David also found comfort in recalling God’s dealings with him personally. How often does David start a psalm by pouring out his troubles to God but then reminding himself of what God has done in the past and reassuring himself that God will again deliver him?  As we hear David release his emotions to God, then hear his thoughts about God’s awesome nature, His sovereignty, justice, tender mercies and loving kindness, David’s thoughts become our own. David’s words give voice to emotions we otherwise could not express.

The psalms are of great practical value. The psalms are, after all, one of the five wisdom books in the Bible. Psalms are routinely included in daily Bible reading plans.  Besides being a God-given aid to release emotions, they succinctly state God’s laws and instructions whereas the historical books and prophets use stories to illustrate God’s laws. Most of the New Testament also succinctly states God’s laws and instructions for living.
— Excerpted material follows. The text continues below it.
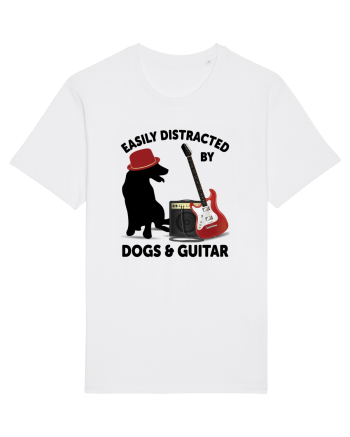 Easily Distracted By Dogs And Guitar White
Learning to meditate, phrase by phrase. As I reflect on past experience, I see how God used my need for regular exercise at the gym to teach me how to meditate. When I first began diligently meditating, I kept copies of verses and passages on the kitchen counter and carried them with me on errands. However, it was at the gym that I really learned how to think deeply about the verses I read. That was where I began meditating-with-the-intent-to-memorize.

This happened accidentally because that span of 30 minutes using weights was devoted to meditating and the only way I could do that was to look at a phrase on my paper, try to hold it in my mind while doing a set of reps, then go back to look at my paper. I was essentially memorizing one phrase at a time. After I repeated a phrase two or three times to myself, while I did the rest of the reps on that particular machine, I would think about what the words meant.

So what did it look like? I would put the paper next to my water bottle on the floor in the corner, then read one phrase and repeat it over and over for two or three minutes while I used one weight machine. Then I’d walk over, read that phrase again or the next phrase, do another weight machine, reread the phrase and so on. By the end of a workout, I would have maybe two or three new verses almost memorized. And, in the process I would have deeply pondered the meaning of words in those verses as well as the links between cause and effect.

So, I began meditating by just trying to think about God’s Word but, by Divine happenstance my efforts at meditation turned into efforts to memorize the Word I was meditating upon. When I was doing things at home or out and about, it was harder to make myself spend that much time repeating one phrase enough times to have the same effect.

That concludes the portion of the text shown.